It's a little difficult recalling what we talked about at the FA meetup and what we talked about at guys only half of the supersize perspectives workshop, since they were both in the same room with only about a 5 minute break, and people were mostly the same with a handful of additions and subtractions.

But we shared stories about family issues with being an FA, and bringin g your girlfriend home.
We talked about dealing with comments from friends and determining who your true friends are.

We had a very frank discussion about health and size: where the two are totally unrelated as well as special issues BBWs deal with and how FAs can help.

We talked about how FAs can help in social situations, what to look for in restaurant seating, etc.

We talked about being supportive of your partner when dealing with weight loss, and that supporting a partner's weight loss doesn't make you "less of an FA."

This might have been The Supersize Perspectives workshop, but we talked about different tools and aids and how to acquire them, from reaching aids to bath benches and shower heads.

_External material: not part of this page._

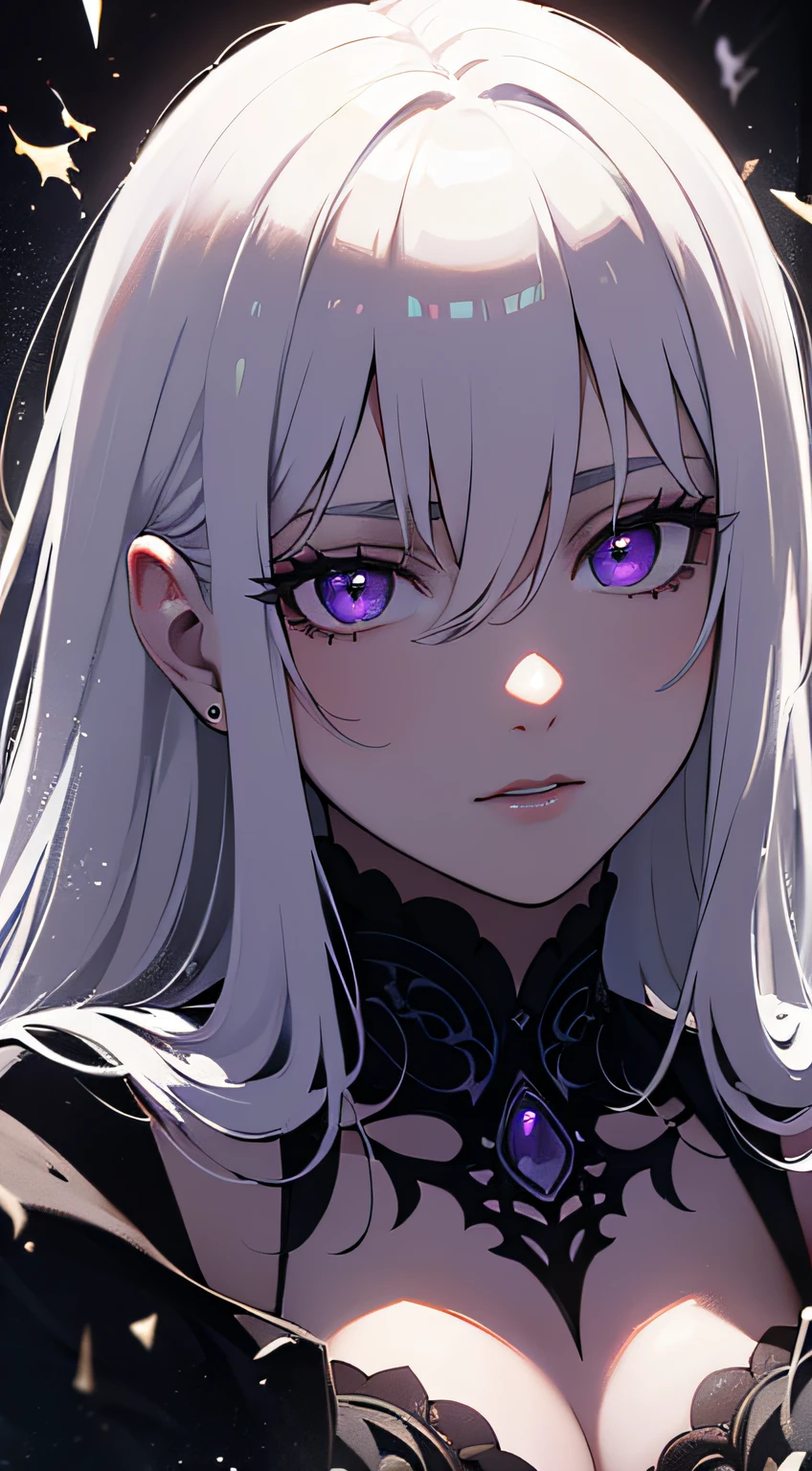 (masterpiece, best quality, ultra-detailed, best shadow), (detailed background,dark fantasy), (beautiful detailed face), high contrast, (best illumination, an extremely delicate and beautiful), ((cinematic light)), colorful, hyper detail, dramatic light, intricate details, (1girl, solo,white hair, sharp face,purple eyes, hair between eyes,dynamic angle), blood splatter, swirling black light around the character, depth of field,black light particles,(broken glass),magic circle,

Speaking for myself, I really enjoyed listening to the older FAs who have been in long term relationships and marriages. They had a lot of information to share, and I hope many of them become more active on the boards. I've already seen a number of posts by Heather's husband John on the boards since the bash. I wish you could have been at the Bash, Edx. It was a great time.


----------



## SocialbFly (Jun 25, 2009)

It really warms my heart to hear/read about this. To me, it shows how much some partners care about their hopeful significant others. To me it shows a deeper commitment so to speak, to their bigger half. Thank you.


----------



## ashmamma84 (Jun 25, 2009)

That's beautiful. I'm glad FA's were able to meet, compare notes, etc. I'm hoping next year my partner will be able to chime in. I think it will be nice to hear a different perspective than most -- a lesbian FA.


----------



## mergirl (Jun 26, 2009)

ashmamma84 said:


> That's beautiful. I'm glad FA's were able to meet, compare notes, etc. I'm hoping next year my partner will be able to chime in. I think it will be nice to hear a different perspective than most -- a lesbian FA.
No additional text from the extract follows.